However, I have come to see one potential positive aspect of the prospect of President Trump. Assuming that he appoints a savvy and strategically savant Secretary of State, there would never be a better opportunity to employ the “Madman Theory” of foreign policy. What exactly is this “Madman Theory” you ask?
The madman theory was a primary characteristic of the foreign policy conducted by U.S. President Richard Nixon. His administration, the executive branch of the federal government of the United States from 1969 to 1974, attempted to make the leaders of other countries think Nixon was mad, and that his behavior was irrational and volatile. According to Nixon's theory, leaders of hostile Communist Bloc nations would then avoid provoking the United States, fearing an unpredictable American response.
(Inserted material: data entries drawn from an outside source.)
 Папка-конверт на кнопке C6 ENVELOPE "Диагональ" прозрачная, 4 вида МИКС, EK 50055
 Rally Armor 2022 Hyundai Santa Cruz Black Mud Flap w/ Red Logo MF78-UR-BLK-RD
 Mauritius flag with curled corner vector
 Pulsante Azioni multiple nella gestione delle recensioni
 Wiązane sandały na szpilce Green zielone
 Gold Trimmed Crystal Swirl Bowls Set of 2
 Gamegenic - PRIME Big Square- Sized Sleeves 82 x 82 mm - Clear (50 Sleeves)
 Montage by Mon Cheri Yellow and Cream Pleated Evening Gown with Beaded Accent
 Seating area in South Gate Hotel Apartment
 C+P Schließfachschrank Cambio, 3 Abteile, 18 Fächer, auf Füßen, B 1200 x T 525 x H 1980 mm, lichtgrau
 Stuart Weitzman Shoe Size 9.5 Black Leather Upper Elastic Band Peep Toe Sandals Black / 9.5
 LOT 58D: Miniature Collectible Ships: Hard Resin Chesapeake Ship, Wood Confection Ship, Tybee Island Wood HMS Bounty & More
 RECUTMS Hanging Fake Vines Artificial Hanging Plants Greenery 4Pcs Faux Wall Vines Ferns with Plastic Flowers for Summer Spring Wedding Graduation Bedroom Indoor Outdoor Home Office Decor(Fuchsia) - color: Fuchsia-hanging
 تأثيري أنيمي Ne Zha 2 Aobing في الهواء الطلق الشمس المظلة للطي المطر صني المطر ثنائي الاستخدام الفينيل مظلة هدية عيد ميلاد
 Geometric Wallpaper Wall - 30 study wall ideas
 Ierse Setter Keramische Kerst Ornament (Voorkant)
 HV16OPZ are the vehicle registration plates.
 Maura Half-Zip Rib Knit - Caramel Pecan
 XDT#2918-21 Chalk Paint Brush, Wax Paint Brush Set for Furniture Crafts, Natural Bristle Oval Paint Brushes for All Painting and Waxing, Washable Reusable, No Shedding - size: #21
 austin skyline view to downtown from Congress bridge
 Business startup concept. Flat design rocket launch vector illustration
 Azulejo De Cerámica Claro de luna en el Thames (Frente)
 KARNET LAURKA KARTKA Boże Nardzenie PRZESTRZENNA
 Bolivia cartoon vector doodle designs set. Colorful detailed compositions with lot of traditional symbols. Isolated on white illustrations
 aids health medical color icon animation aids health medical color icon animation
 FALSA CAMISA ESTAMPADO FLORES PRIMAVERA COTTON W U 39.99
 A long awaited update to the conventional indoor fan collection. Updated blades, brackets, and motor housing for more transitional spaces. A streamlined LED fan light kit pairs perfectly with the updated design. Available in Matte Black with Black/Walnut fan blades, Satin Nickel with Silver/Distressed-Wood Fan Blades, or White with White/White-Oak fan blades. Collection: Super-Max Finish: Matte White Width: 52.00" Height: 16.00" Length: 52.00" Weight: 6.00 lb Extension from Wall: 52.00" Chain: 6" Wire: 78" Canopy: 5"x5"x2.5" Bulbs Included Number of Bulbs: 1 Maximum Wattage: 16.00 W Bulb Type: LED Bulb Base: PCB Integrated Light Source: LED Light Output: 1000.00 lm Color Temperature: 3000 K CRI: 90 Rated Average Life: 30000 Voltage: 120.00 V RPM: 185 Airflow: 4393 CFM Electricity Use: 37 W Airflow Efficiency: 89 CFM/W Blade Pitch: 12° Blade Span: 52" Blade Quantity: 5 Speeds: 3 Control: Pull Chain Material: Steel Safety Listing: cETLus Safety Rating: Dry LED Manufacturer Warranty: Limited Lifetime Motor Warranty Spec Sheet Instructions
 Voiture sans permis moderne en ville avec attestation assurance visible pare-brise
Nixon explained the strategy to his White House Chief of Staff, H. R. Haldeman:
“I call it the Madman Theory, Bob. I want the North Vietnamese to believe I've reached the point where I might do anything to stop the war. We'll just slip the word to them that, "for God's sake, you know Nixon is obsessed about communism. We can't restrain him when he's angry—and he has his hand on the nuclear button" and Ho Chi Minh himself will be in Paris in two days begging for peace.”
In October 1969, the Nixon administration indicated to the Soviet Union that "the madman was loose" when the United States military was ordered to full global war readiness alert (unbeknownst to the majority of the American population), and bombers armed with thermonuclear weapons flew patterns near the Soviet border for three consecutive days.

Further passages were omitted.